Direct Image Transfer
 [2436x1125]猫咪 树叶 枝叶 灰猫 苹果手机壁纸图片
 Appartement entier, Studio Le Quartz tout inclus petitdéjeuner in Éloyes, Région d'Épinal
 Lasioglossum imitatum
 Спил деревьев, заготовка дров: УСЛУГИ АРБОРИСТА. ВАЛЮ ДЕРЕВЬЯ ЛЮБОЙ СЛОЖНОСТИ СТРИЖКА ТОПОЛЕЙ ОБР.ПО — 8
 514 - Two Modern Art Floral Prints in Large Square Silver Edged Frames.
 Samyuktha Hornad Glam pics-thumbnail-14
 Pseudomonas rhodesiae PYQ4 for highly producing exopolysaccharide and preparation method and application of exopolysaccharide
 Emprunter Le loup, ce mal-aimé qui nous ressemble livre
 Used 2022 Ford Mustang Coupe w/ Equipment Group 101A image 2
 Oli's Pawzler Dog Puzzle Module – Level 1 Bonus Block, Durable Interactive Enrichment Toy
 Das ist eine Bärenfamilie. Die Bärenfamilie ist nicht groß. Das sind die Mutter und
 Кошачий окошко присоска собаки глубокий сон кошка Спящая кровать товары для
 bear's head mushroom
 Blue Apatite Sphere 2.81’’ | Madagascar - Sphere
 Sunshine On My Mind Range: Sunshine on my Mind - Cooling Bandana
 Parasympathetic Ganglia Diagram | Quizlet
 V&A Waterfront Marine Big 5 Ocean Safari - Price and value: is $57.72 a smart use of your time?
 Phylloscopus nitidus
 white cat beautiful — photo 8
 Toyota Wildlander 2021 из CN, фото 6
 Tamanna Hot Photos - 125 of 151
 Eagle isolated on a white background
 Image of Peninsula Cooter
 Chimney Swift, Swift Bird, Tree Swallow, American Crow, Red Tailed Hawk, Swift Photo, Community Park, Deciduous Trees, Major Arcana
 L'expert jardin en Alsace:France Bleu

────────────────────────────────────────

> **Exercise**
Working down from the line that contains "Oli's Pawzler Dog", retype each line exactly through the last line of the data, and give nothing else.

> **Solution**
 Oli's Pawzler Dog Puzzle Module – Level 1 Bonus Block, Durable Interactive Enrichment Toy
 Das ist eine Bärenfamilie. Die Bärenfamilie ist nicht groß. Das sind die Mutter und
 Кошачий окошко присоска собаки глубокий сон кошка Спящая кровать товары для
 bear's head mushroom
 Blue Apatite Sphere 2.81’’ | Madagascar - Sphere
 Sunshine On My Mind Range: Sunshine on my Mind - Cooling Bandana
 Parasympathetic Ganglia Diagram | Quizlet
 V&A Waterfront Marine Big 5 Ocean Safari - Price and value: is $57.72 a smart use of your time?
 Phylloscopus nitidus
 white cat beautiful — photo 8
 Toyota Wildlander 2021 из CN, фото 6
 Tamanna Hot Photos - 125 of 151
 Eagle isolated on a white background
 Image of Peninsula Cooter
 Chimney Swift, Swift Bird, Tree Swallow, American Crow, Red Tailed Hawk, Swift Photo, Community Park, Deciduous Trees, Major Arcana
 L'expert jardin en Alsace:France Bleu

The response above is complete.